On voit bien que ce type d’attaque nécessite une détection et une contre mesure immédiate, quand bien même, il est évident que ce type de processus doit-être mis en place. Si vous n’avez pu empêcher la fuite, vous pourrez agir très rapidement en modifiant les paramétrages du Datacenter pour que ceci ne se répète pas.

Pour sécuriser un réseau face à ce type de fuites de données, il faut ( liste non exhaustive ) :

  • Nous venons de le voir, disposer d’outils adaptés
  • être conscient du volume qui peut “s’évaporer” en 3 minutes seulement
  • être préparé afin d’évaluer rapidement l’étendue de la fuite
  • disposer d’une documentation précise de votre infrastructure
  • disposer d’une procédure permettant à des administrateurs systèmes d’opérer le plus rapidement possible (login/password || clé ssh pour permettra l’analyse des logs, etc….)
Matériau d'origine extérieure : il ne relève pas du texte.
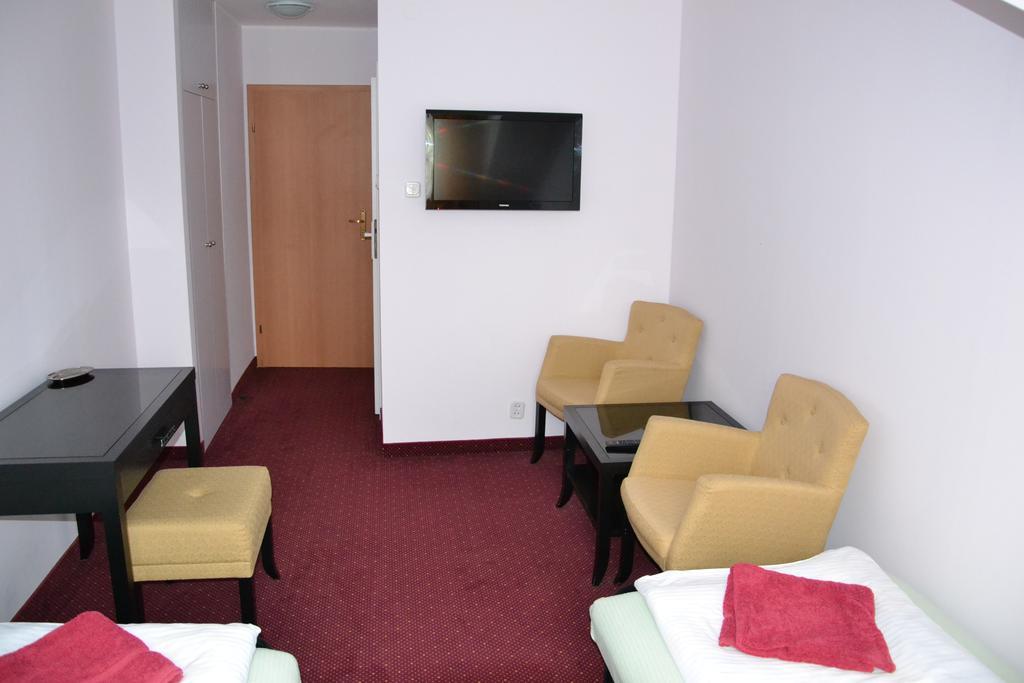 Hotel&Restauracja Złote Runo Góra Kalwaria Cameră foto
  • disposer d’automates qui permettent de couper immédiatement des services.
  • paramétrer correctement les services disponibles sur le réseau (apache2 dans mon cas)
  • trouver une solution centralisée des logs pour tous les serveurs. Ceci évite aux administrateurs systèmes d’avoir à se connecter aux différents serveurs, mise en cause, pour analyser les logs. Un environnement centralisé permet d’aller beaucoup plus vite.
  • Pour une infrastructure hébergeant des données critiques il faudra vraisemblablement penser à installer de l’intelligence artificielle, capable d’analyser en temps réels, les différents cas de votre organisation.
  • Permettre un traçage des connexions au serveurs de base de données (login date/time).
  • Revoir la politique d’accès à l’infrastructure (règle de firewall, délégation des droits, politique de gestion des mots de passe, etc..)
  • être aussi conscient du travail considérable et nécessaire pour la mise en place d’un plan de surveillance des fuites de données.